Parlano d'amore i tuli
Tuli, tuli, tulipan

Deliziosi, al cuore
Tutti i sogni miei ti giungeran
E di me ti parleranno
I meravigliosi tuli, tuli, tuli
Tuli, tuli, tulipan

Tra loro, parlavano d’amore i tulipani della canzonetta del Trio Lescano (Tulipan 1937). Benché non si sappia in che siano consistiti tali discorsi amorosi, questi tulipani ci paiono meno antipatici dei fiori parlanti del giardino di Attraverso lo specchio di Lewis Carroll (1871), e manco inclini a spettegolare sui costumi erotici delle corolle vicine come avviene nella poesia I fiori di Palazzeschi (1913).
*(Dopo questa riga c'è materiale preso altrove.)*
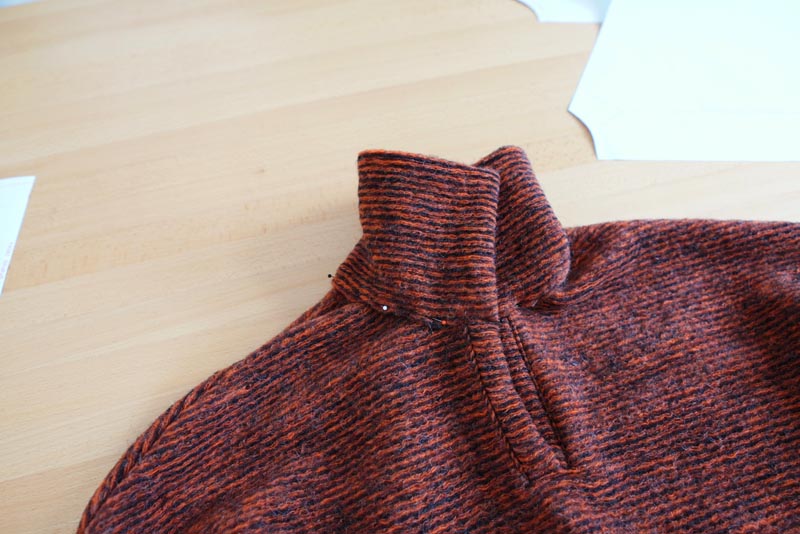 Střih a návod na dámské teplé pončo s límcem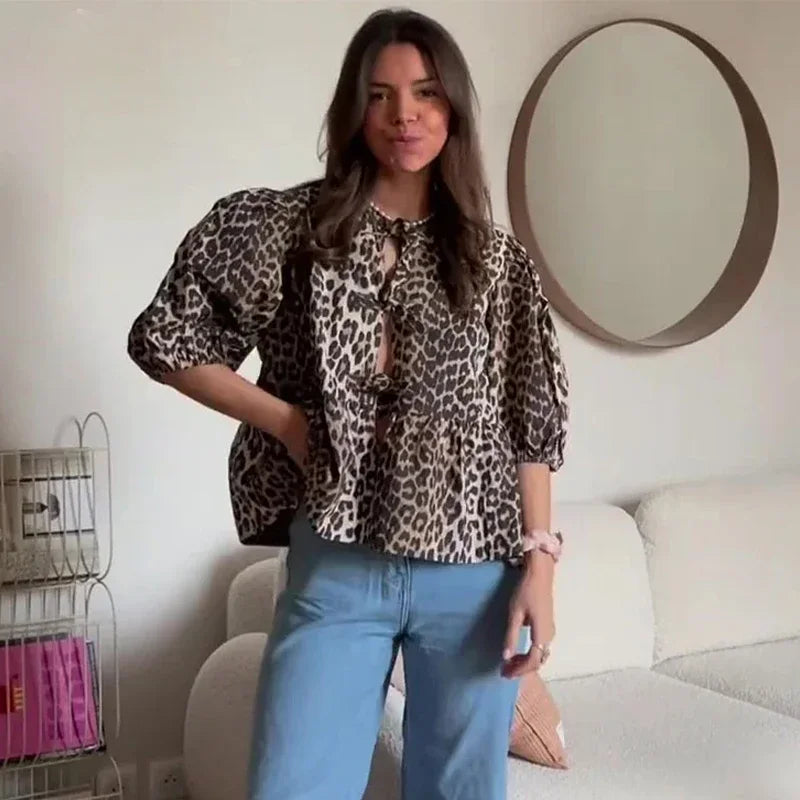 Effortlessly Elegant Blouse with a Timeless Design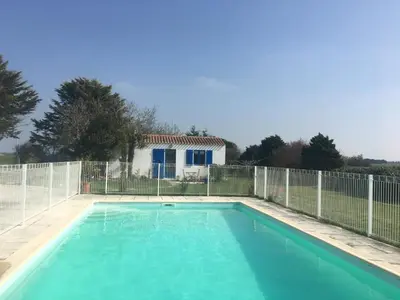 Piscine de l'établissement Studio avec piscine ou située à proximité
D’altronde non possono che parlar d’amore i tulipani, vista la millenaria tradizione persiana di offrirli come messaggio o pegno d’amore, registrata anche dai racconti delle Mille e una notte.

n

Il brano musicale, facile all’orecchio, ebbe tale successo da imprimere nella memoria popolare – chi non lo ha sentito cantare da nonne e mamme? –  il refrain franto e balbuziente delle tre soavi sorelle canterine, nate all’Aja, e interessate a reclamizzare un’immagine dell’Olanda da cartolina, con tanto di luna formaggiosa («Tonda, nel ciel di maggio / come un formaggio d’Olanda / sorge la luna in viaggio») e immancabili mulini a vento.

Ma, appunto, il tulipano ci giunge in vero dall’Asia centrale dov’è fiore spontaneo. Arrivato dalla Persia in Turchia, ebbe il favore di Solimano il Magnifico che lo diffuse nei propri giardini e, nella varietà con tepali lunghi e appuntiti, divenne icona nazionale, ritratto in dipinti, maioliche e fregi ornamentali. Ad aprile, il Festival internazionale dei tulipani di Istanbul è ancor oggi una ricorrenza da non perdere.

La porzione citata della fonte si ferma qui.